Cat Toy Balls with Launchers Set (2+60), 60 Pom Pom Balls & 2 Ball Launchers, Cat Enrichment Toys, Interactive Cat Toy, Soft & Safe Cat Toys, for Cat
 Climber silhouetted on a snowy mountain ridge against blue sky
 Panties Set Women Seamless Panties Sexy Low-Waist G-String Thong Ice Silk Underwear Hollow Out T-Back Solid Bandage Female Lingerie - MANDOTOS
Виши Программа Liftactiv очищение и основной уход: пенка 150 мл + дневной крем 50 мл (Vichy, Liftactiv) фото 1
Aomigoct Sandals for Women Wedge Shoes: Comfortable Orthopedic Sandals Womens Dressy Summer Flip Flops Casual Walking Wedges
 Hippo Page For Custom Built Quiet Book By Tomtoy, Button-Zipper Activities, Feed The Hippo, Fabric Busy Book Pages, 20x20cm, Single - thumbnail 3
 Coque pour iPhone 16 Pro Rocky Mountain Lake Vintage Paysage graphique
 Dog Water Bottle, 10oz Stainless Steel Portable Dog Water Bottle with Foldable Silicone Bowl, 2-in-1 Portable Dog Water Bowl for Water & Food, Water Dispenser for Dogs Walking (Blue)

● ● ● ● ● ● ●

Restate verbatim the first line above and all lines after it through the line containing "Aomigoct Sandals for"; omit the rest.

Cat Toy Balls with Launchers Set (2+60), 60 Pom Pom Balls & 2 Ball Launchers, Cat Enrichment Toys, Interactive Cat Toy, Soft & Safe Cat Toys, for Cat
 Climber silhouetted on a snowy mountain ridge against blue sky
 Panties Set Women Seamless Panties Sexy Low-Waist G-String Thong Ice Silk Underwear Hollow Out T-Back Solid Bandage Female Lingerie - MANDOTOS
Виши Программа Liftactiv очищение и основной уход: пенка 150 мл + дневной крем 50 мл (Vichy, Liftactiv) фото 1
Aomigoct Sandals for Women Wedge Shoes: Comfortable Orthopedic Sandals Womens Dressy Summer Flip Flops Casual Walking Wedges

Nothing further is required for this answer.